Argentina: Eleição de Milei com um programa de guerra civil contra os trabalhadores

Acaba de ser eleito presidente da Argentina Javier Milei, personagem de extrema-direita que se auto-intitula “anarco-capitalista”. Os primeiros a felicitá-lo foram Trump e Bolsonaro, em cujas pegadas Milei se move.

Nas eleições de 2019, o novo partido “libertário” de Milei tivera 1,47% dos votos. Meros quatro anos depois, obteve 56%. O seu adversário vencido foi o peronista Sergio Massa.

Provocador e grosseiro, Milei apresentou-se nos seus comícios com uma moto-serra, simbolizando o corte a eito que prometia “do Estado” (mais exactamente, das despesas sociais), no valor de 15% do PIB. Prometeu abolir 10 dos actuais 18 ministérios, levantar todos os controles de preços e câmbios, abolir todos os subsídios, privatizar os cuidados de saúde, a educação e as pensões, privatizar empresas estatais, criminalizar o aborto. Abolir, ainda, o Banco Central e dolarizar a economia – sujeitando-a directamente ao imperialismo americano – e romper com os “governos comunistas” do Brasil e da China… A mensagem foi bem recebida em Wall Street, onde os mercados financeiros rejubilaram com a vitória de Milei.

Nunca, desde o fim da ditadura militar, em 1983, viu a Argentina semelhante programa de guerra civil contra os trabalhadores. Conseguirá Milei concretizá-lo? Apesar dos números da sua eleição, é tudo menos certo. O seu partido tem apenas 38 dos 257 deputados.

A vitória de Milei é, em primeiro lugar, reflexo da dramática crise do regime da burguesia argentina, estrangulado pela finança internacional.
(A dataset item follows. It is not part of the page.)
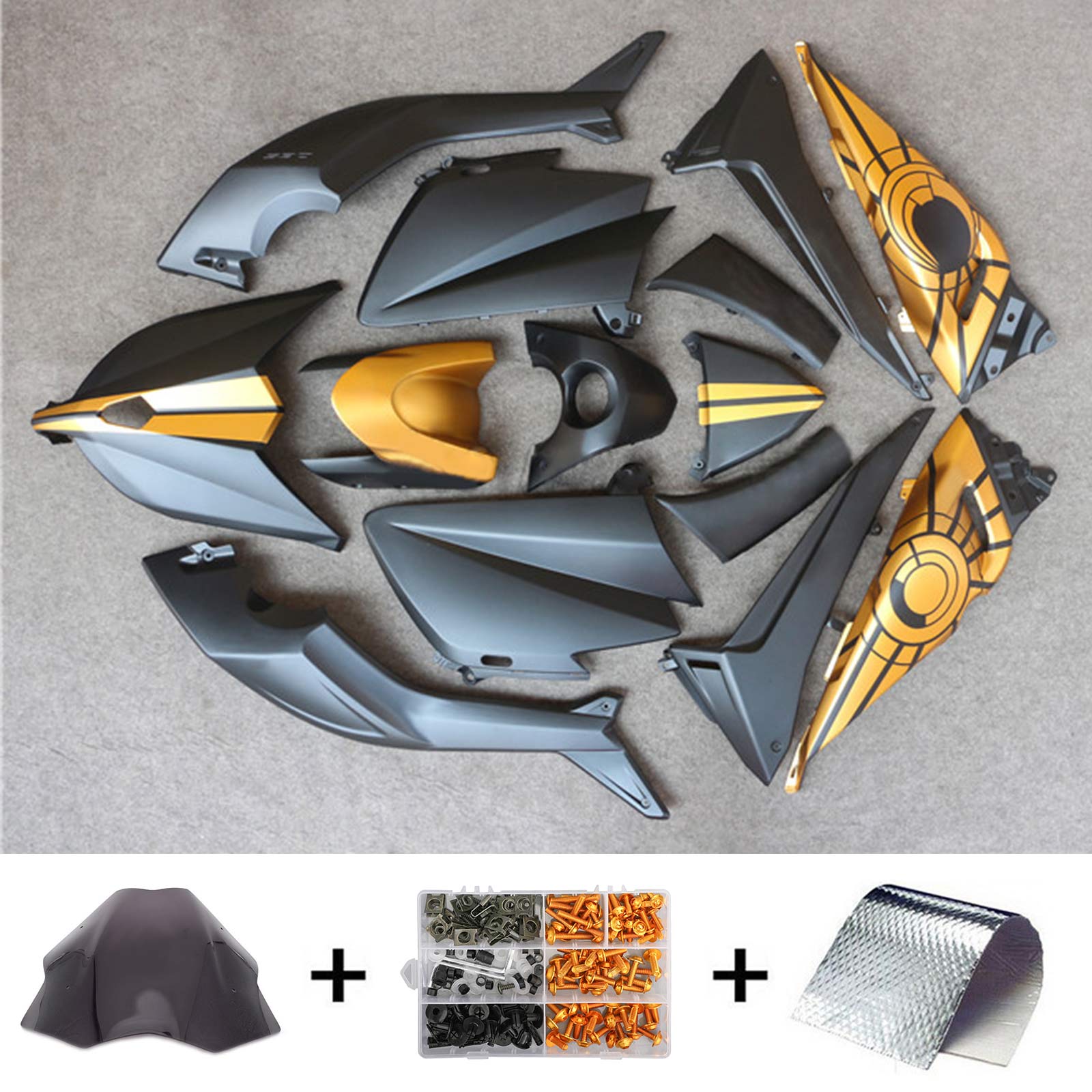 Amotopart 2012-2014 T-Max TMAX530 Yamaha Matte Black&Gold Fairing Kit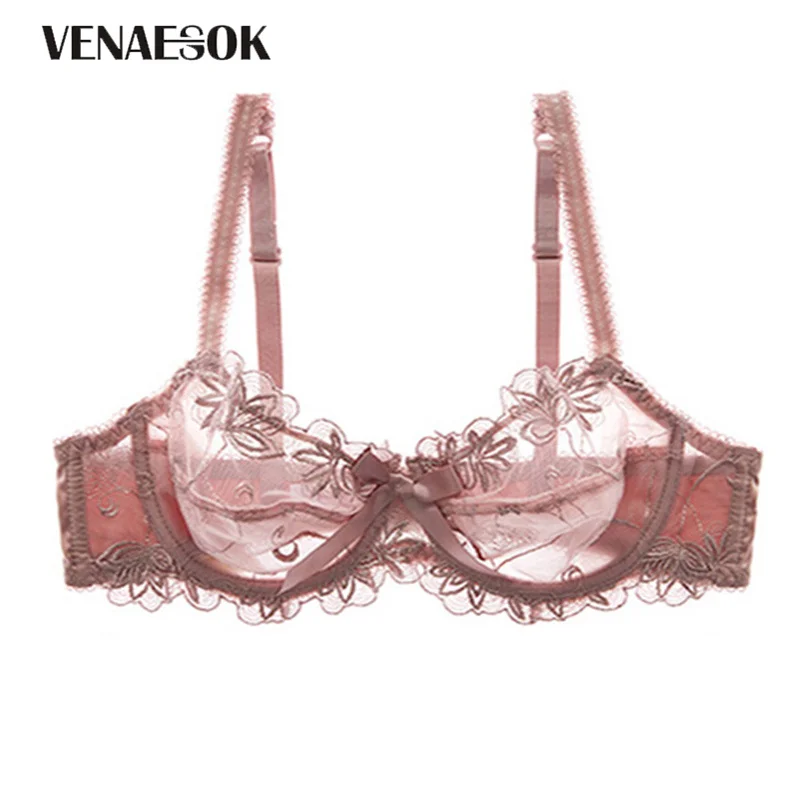 Bras Logirlve Ultrathin Underwear Plus Size C D Cup Sexy Bras Embroidery  Lingerie Lace Women Transparent Bra Half Cup Pink BrassiereLF20230905 From  Qiaomaidou02, $10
A economia argentina nunca se recompôs do seu colapso em 2001. Durante os governos que se têm sucedido, geralmente dominados pelo peronismo, corrente populista clássica da Argentina, a classe trabalhadora multiplicou mobilizações de massas e greves gerais contra a escravatura à dívida externa e os planos de austeridade ditados pelo FMI.

Contudo, estas mobilizações esbarraram no comprometimento da burocracia sindical peronista com o regime e na inconsequência de grande parte da esquerda argentina, absorvida por estratégias eleitoralistas e incapaz de construir um movimento operário político e sindical inteiramente independente do peronismo.

Por trás do triunfo do populismo “radical” e quase caricato de Milei está o desespero e o empobrecimento de largos sectores das massas, deixadas sozinhas ante a crise económica e social permanente e sempre agravada – e com todas as saídas políticas tapadas.

É claro que a classe dominante e o capital internacional nada têm contra o programa anti-social radical de Milei. Receiam, porém, cortar amarras com a burocracia sindical e, assim, extremar a luta de classes. Para manter as massas sob controle, muitos sectores preferiam Sergio Massa, com as ligações tradicionais do seu movimento à burocracia sindical.

O que significa “a ascensão do extrema-direita” à escala mundial?

É importante compreender o significado da eleição de Milei, quer pelo que ela é, quer pelo que não é.

Tal como nas eleições italianas, que deram a chefia do governo à neofascista Meloni e, mais recentemente, nas eleições neerlandesas, onde o partido xenófobo de G. Wilders foi o mais votado, ganhando quase um quarto dos assentos parlamentares, a subida à presidência de Milei não apareceu a culminar ou acompanhar a conquista das ruas por milícias fascistas, como sucedeu na Itália e na Alemanha há cem anos. E, assim como Meloni não é, para já, muito mais do que a nova cara da mesma política da Comissão Europeia e do BCE para a Itália, Milei será, para já, apenas o novo rosto da política do FMI para a Argentina.

Mas convém não esquecer o outro lado da equação. Também Trump e Bolsonaro foram eleitos em condições idênticas. No entanto, durante os seus consulados, as milícias fascistas fizeram significativos progressos na sua organização – ao ponto de intentarem incipientes golpes de Estado quando os seus caudilhos se viram derrotados.

Tudo se mantém em aberto. O movimento operário argentino sofreu mais um golpe duro – mas não foi esmagado. O descontentamento e a revolta que tiveram expressão atomizada e desorganizada na votação num demagogo populista voltarão a encontrar foco nas medidas anti-sociais que ele promete aplicar.

É tempo de a classe trabalhadora argentina reagrupar forças, separar-se politicamente da burguesia e do peronismo, construir a sua expressão política independente, sindicatos e partidos de classe capazes de derrotar a besta fascista e abrir o caminho ao socialismo. Tudo depende, em última análise, de se conseguir construir uma direcção revolucionária para ajudar a classe operária argentina e de toda a América do Sul a vencer.